Your copy of the entries must be exact, and it must not include the pictures.

> [DATA IN THIS EXERCISE]:

++++++++++

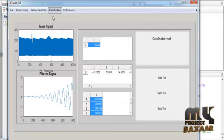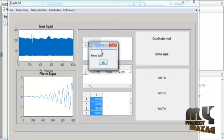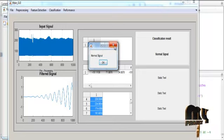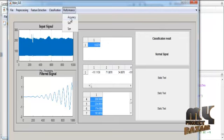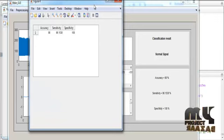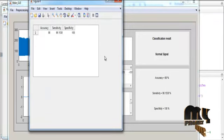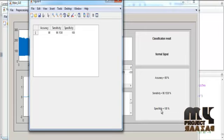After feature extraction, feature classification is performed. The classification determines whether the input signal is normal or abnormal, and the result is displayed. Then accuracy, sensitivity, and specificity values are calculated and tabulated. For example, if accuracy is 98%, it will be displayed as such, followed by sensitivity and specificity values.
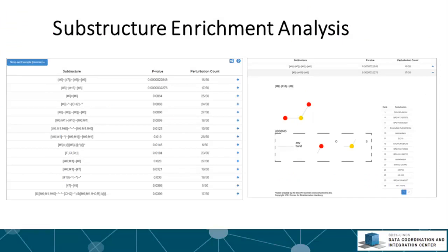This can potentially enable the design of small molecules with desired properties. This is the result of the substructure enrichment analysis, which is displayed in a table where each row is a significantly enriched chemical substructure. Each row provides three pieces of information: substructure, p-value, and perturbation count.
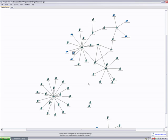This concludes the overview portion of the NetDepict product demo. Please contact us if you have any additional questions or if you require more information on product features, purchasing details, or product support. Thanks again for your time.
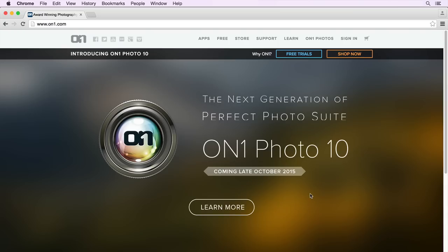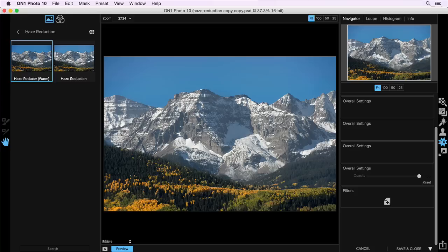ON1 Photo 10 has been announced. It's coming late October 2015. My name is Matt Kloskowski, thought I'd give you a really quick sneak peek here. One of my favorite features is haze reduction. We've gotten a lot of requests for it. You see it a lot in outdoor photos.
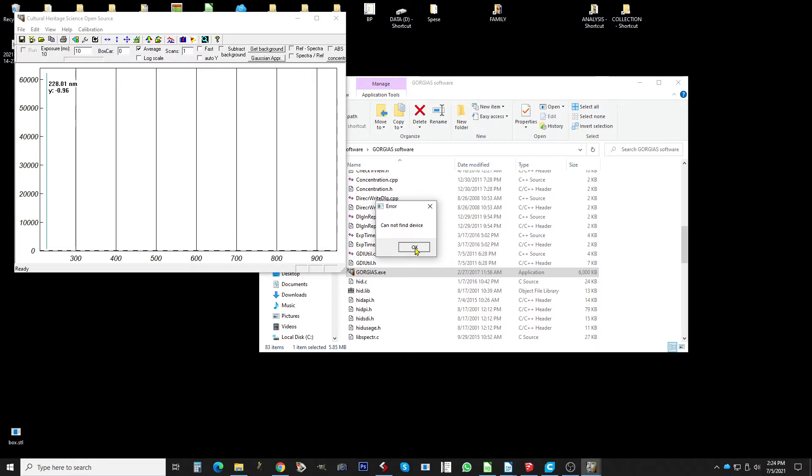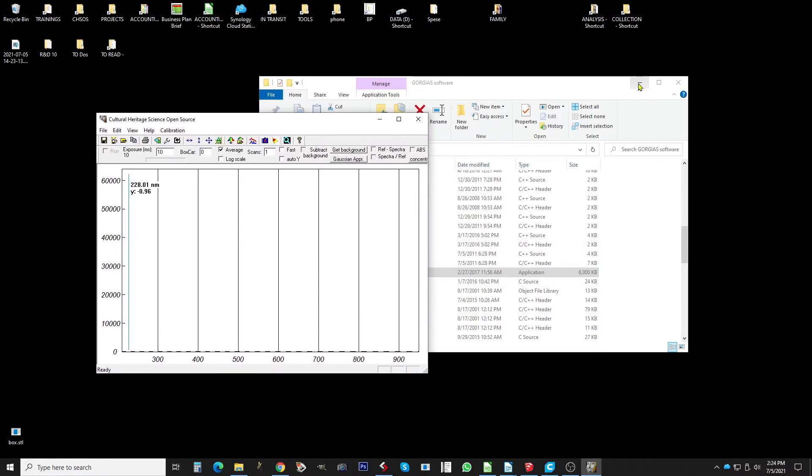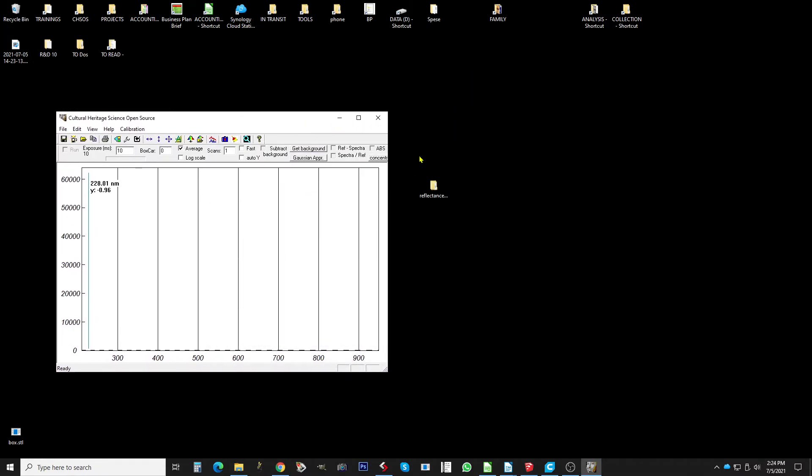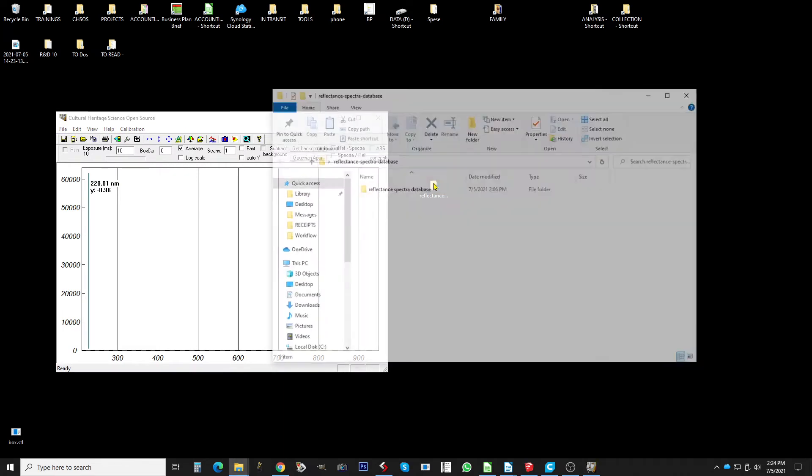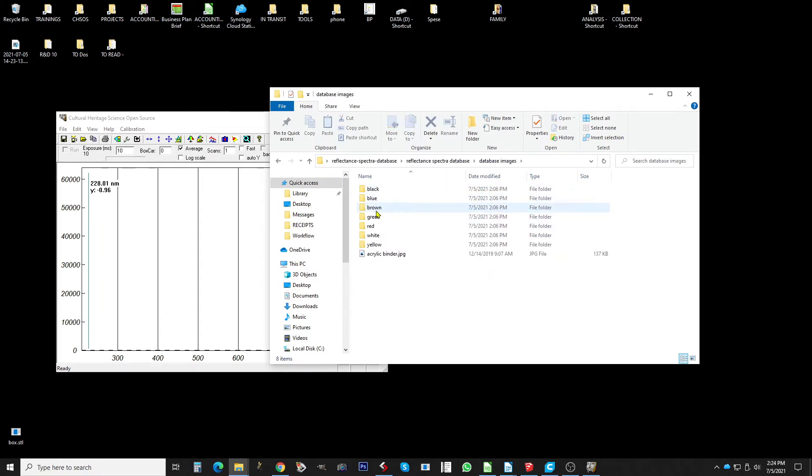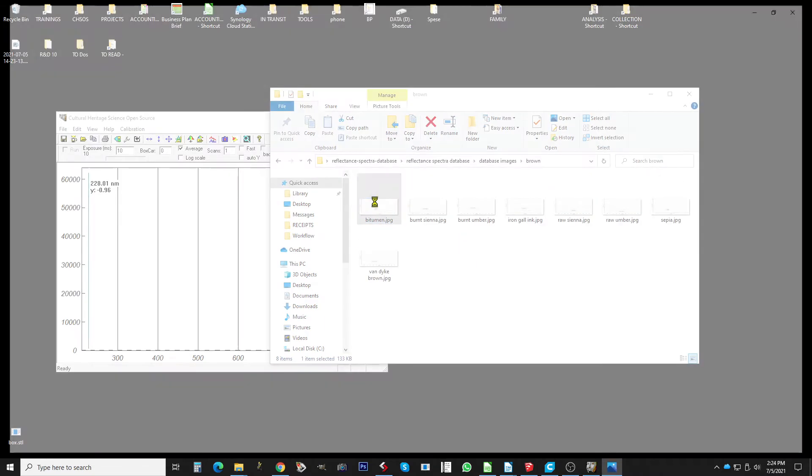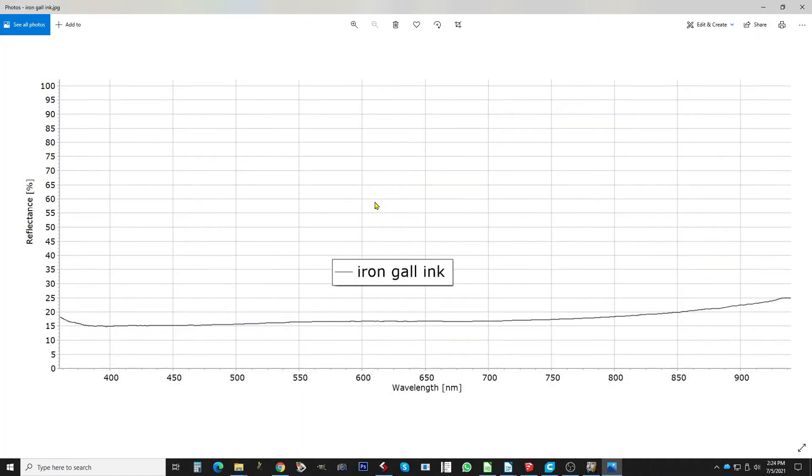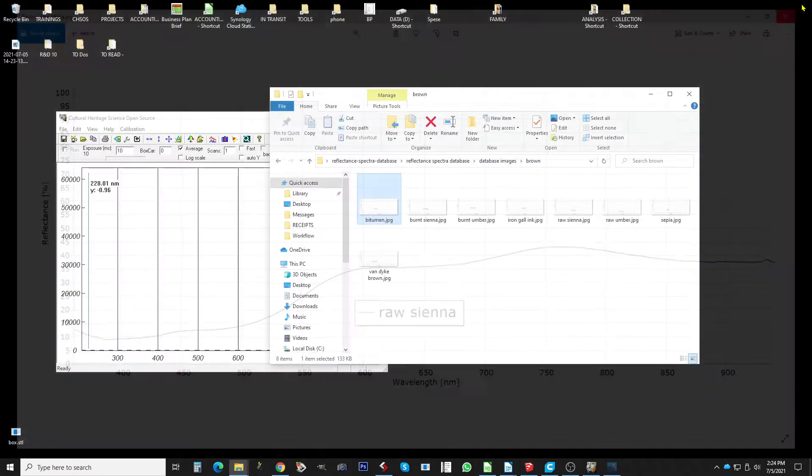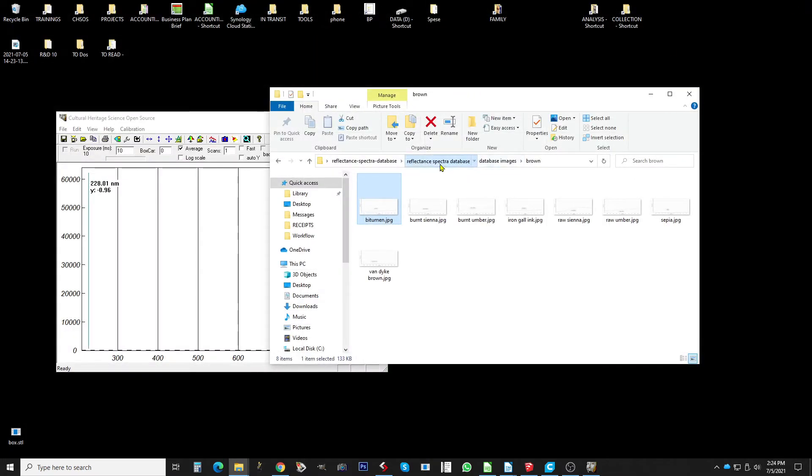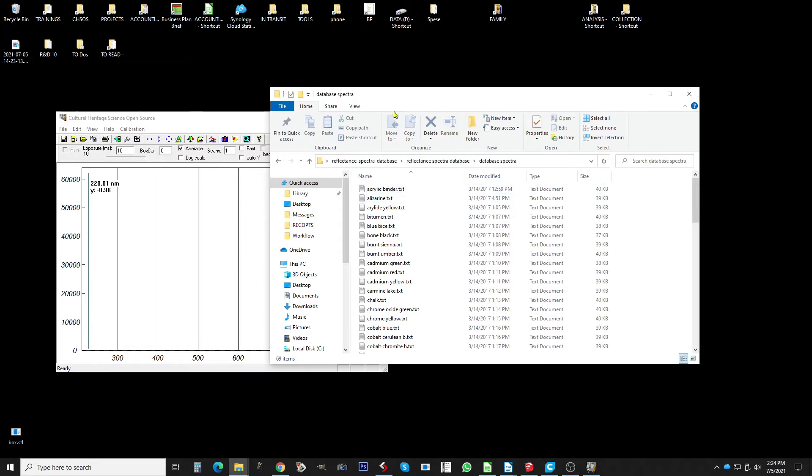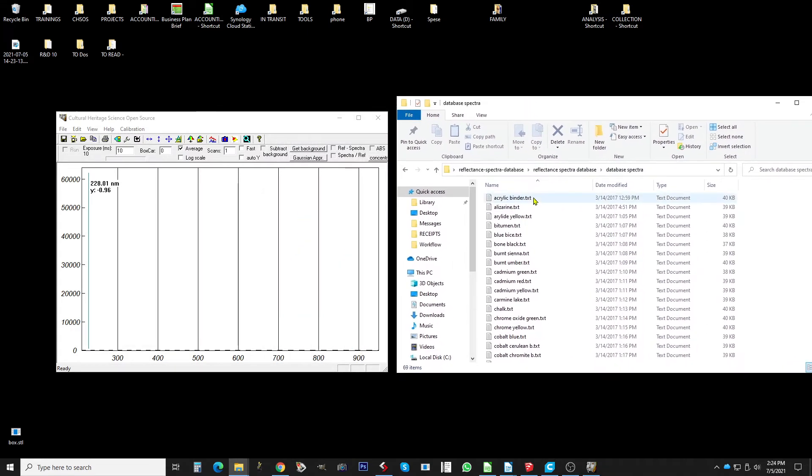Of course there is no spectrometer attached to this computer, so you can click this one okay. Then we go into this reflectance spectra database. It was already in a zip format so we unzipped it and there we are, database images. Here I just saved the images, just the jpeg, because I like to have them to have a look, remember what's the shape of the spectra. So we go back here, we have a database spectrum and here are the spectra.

++++++++++

> [ANSWER BOX]:
After feature extraction, feature classification is performed. The classification determines whether the input signal is normal or abnormal, and the result is displayed. Then accuracy, sensitivity, and specificity values are calculated and tabulated. For example, if accuracy is 98%, it will be displayed as such, followed by sensitivity and specificity values.
This can potentially enable the design of small molecules with desired properties. This is the result of the substructure enrichment analysis, which is displayed in a table where each row is a significantly enriched chemical substructure. Each row provides three pieces of information: substructure, p-value, and perturbation count.
This concludes the overview portion of the NetDepict product demo. Please contact us if you have any additional questions or if you require more information on product features, purchasing details, or product support. Thanks again for your time.
ON1 Photo 10 has been announced. It's coming late October 2015. My name is Matt Kloskowski, thought I'd give you a really quick sneak peek here. One of my favorite features is haze reduction. We've gotten a lot of requests for it. You see it a lot in outdoor photos.
Of course there is no spectrometer attached to this computer, so you can click this one okay. Then we go into this reflectance spectra database. It was already in a zip format so we unzipped it and there we are, database images. Here I just saved the images, just the jpeg, because I like to have them to have a look, remember what's the shape of the spectra. So we go back here, we have a database spectrum and here are the spectra.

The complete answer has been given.